The first line of defense in protecting against bad data is to suspend trading of accounts that may be affected by bad data. There’s lots of possible sources of bad data. In practice, we see three:

  1. Stale Uploads: Rebalancing systems upload holdings information from custodians or intermediate accounting systems. If, for whatever reason, an account is missing from an upload, the data for those accounts will be stale.
  2. Corporate Actions: In theory, custodians and intermediate accounting systems all apply corporate actions on the same day. But in practice, corporate action processing is often delayed. This can cause problems. If, for example, your holdings don’t reflect a 2 for 1 split, you’re going to think you have ½ as much of the security as you really do.
  3. Unknown Securities: Rebalancing systems like Smartleaf have their own security master for prices and risk signature. Occasionally, we won’t recognize a CUSIP or ticker included in a model or a holdings upload. Most of the time, it’s because of delayed corporate action processing by the custodian (see above), but sometimes it’s because the security is obscure and thinly traded.

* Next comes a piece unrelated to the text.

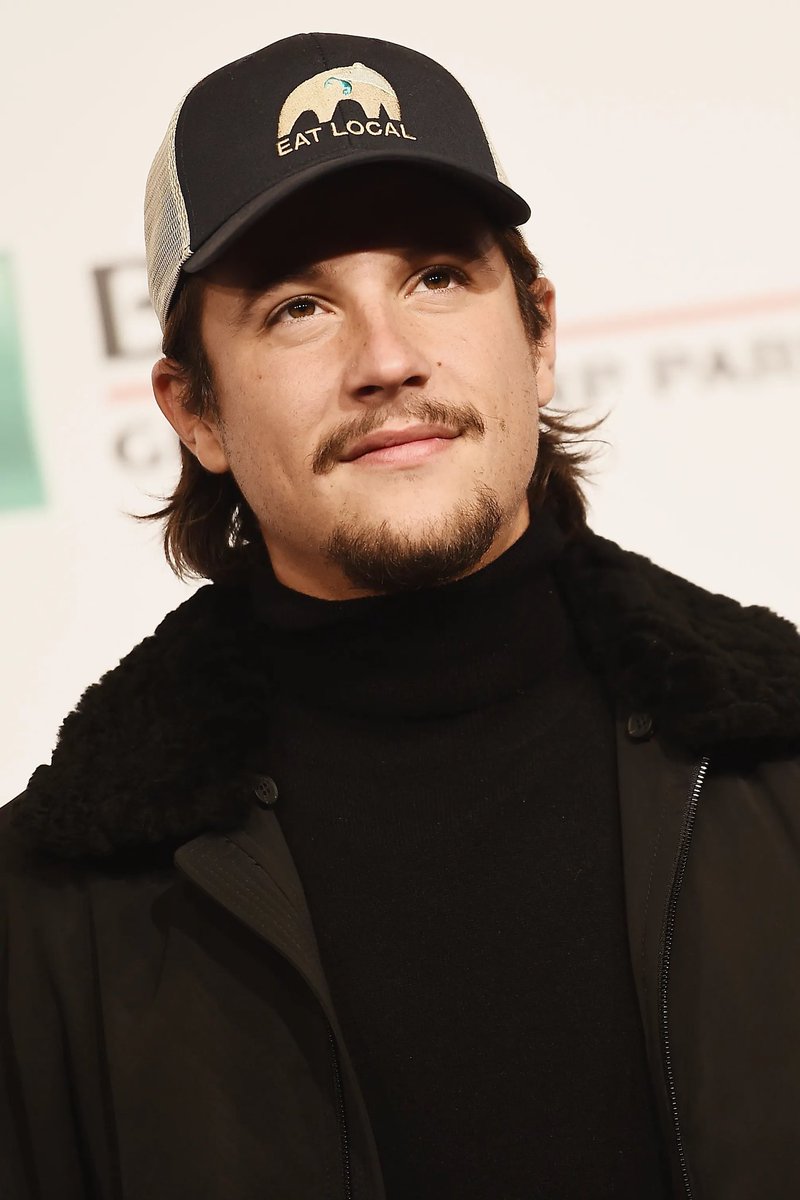 Nekfeu fête ses 34 ans aujourd’hui ! 🥳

The solution is the same in each case: suspend trading for accounts affected by the bad data. However, the details of how this is done will vary from system to system. Here’s how it works in ours:

  1. Stale Uploads: This one’s easy. Our system automatically suspends trading for accounts with holdings information that has not been updated since the last market close.
  2. Corporate Actions: We show our clients all the corporate actions we know about from our own corporate action feed. Our clients can compare our list of corporate actions with their own. If there’s a mismatch — for example, if their custodian is a day late in recording a split — our clients can apply a filter to suspend trading of any affected account.
  3. Unknown Securities: We show our clients all the securities we don’t recognize. Usually, they’ll apply a filter to suspend trading of any affected account. If the client knows about a security and feels it can be safely ignored, they can chose to proceed with trading.

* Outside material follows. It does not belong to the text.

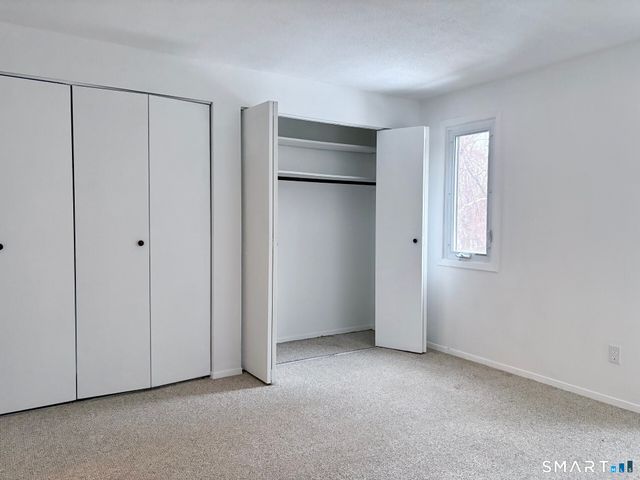 204 Towne House Road 204, Hamden, CT 06514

Self-Correcting Daily-Rebalancing Workflow

With these data integrity checks in place, it is exceedingly rare for any account to be traded on bad data. For most of our clients, there have never been any bad-data trades. For others, it’s a once-every-few-years event.

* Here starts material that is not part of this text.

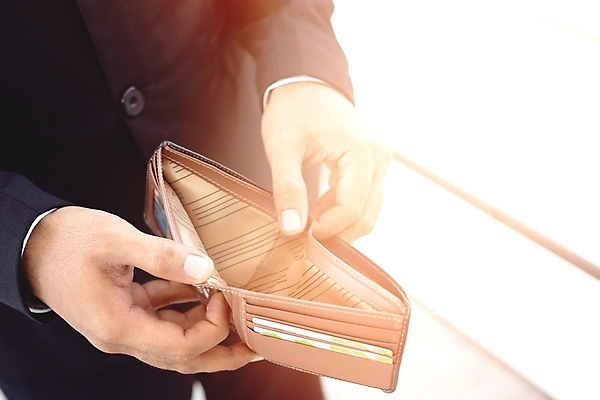 포토 JPG 해외이미지 손 남자 백그라운드 컨셉 돈 비즈니스 손가락 아이디어 선물 사람 인종 성인 사람없음 금융 경제 금지 잡기 비즈니스맨 오픈 지갑 변화 닫기 가난 가죽 은퇴 투자 결제 문제 빈털터리 파산 빚 수입 해외202004 해외포토 모션 신체부위 직장인 재산 파일형식 이미지허브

Fortunately, when it does happen, the bad trades are auto-corrected as soon as the data is fixed. This auto self-correction only works because automated rebalancing systems support a uniform daily rebalancing workflow. If, instead, you had a calendar-based rebalancing workflow — say, every quarter — you’d need a special process to make sure you go back and fix errors caused by bad data. But if you have a daily rebalancing workflow, this isn’t necessary. The problem is just caught and corrected the next day (or whenever the data problems are fixed).

Here’s how a daily rebalancing workflow works: every day, you trade any account that meets one or both of two conditions:

  1. The account is not compliant with one or more important constraints, such as “satisfy a cash out request” or “never own tobacco stocks.”
  2. The net benefit of trading exceeds a preset “cost/benefit threshold.” For each account, the system generates a “cost/benefit score” that measures how much the account can benefit from trading. What constitutes a benefit? It is strictly defined by the client. It includes bringing the account closer to its target asset allocation and recommended security weights; buying securities with higher security return rankings, and tax loss harvesting. What constitutes a cost? Costs include commissions, bid-ask spread and taxes.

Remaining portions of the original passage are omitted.